Railway line in Brazil

North-South Railway (Ferrovia Norte-Sul), also known as EF-151, is a Brazilian longitudinal broad-gauge railroad. It was designed to connect the lines that provide access to Brazil's main ports and producing areas, which had been regionally isolated. Once completed, it will cover 4,155 kilometers and cross the states of Pará, Maranhão, Tocantins, Goiás, Minas Gerais, São Paulo, Mato Grosso do Sul, Paraná, Santa Catarina and Rio Grande do Sul.

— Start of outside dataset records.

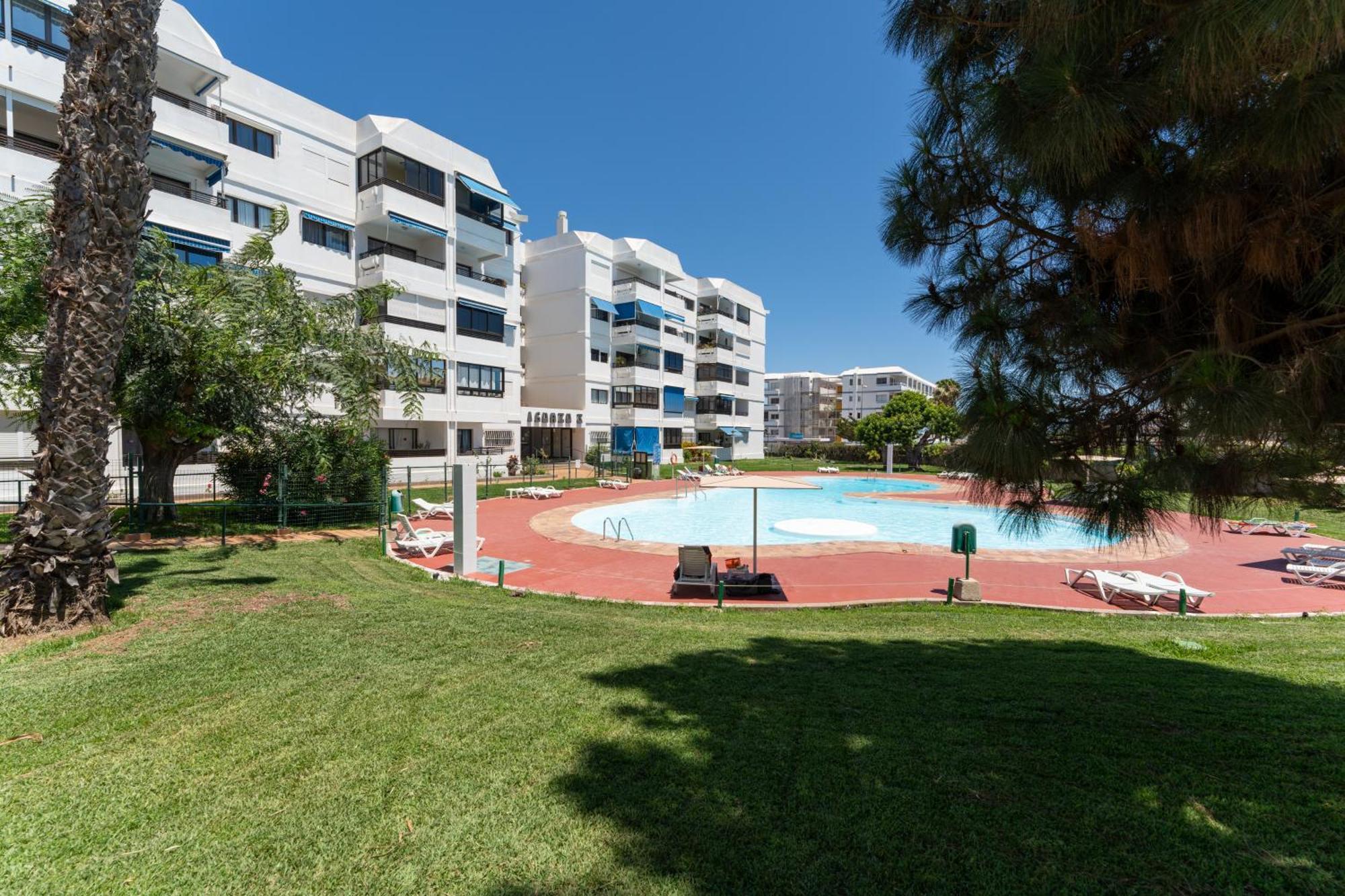 Garden View Apartment Iguazu 3 Near Yumbo Плайя-дель-Инглес Экстерьер фото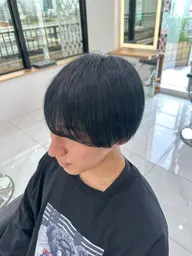 骨格似合わせカット＋5 step TOKIO premium treatment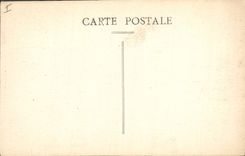 CPA Palais de Justice Melle Porte dite de l'Eveche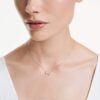 Galaxy Pendant Lab-Grown Diamonds, 0.82 Ct Tw, Mixed Shapes, Sterling Silver Galaxy Pendant Lab-Grown Diamonds, 0.82 Ct Tw, Mixed Shapes, Sterling Silver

Its current route stretches between Açailândia (MA) and Estrela d'Oeste (SP). The section between Açailândia (MA) and Porto Nacional (TO) belongs to the VLI Multimodal S.A. concessionaire, and the one between Rio Verde (GO) and Estrela d'Oeste (SP) belongs to the Rumo Logística concessionaire. The stretch between Açailândia (MA) and Anápolis (GO) was completed in 2014, while the stretch between Ouro Verde de Goiás (GO) and Estrela d'Oeste (SP) was completed in 2023.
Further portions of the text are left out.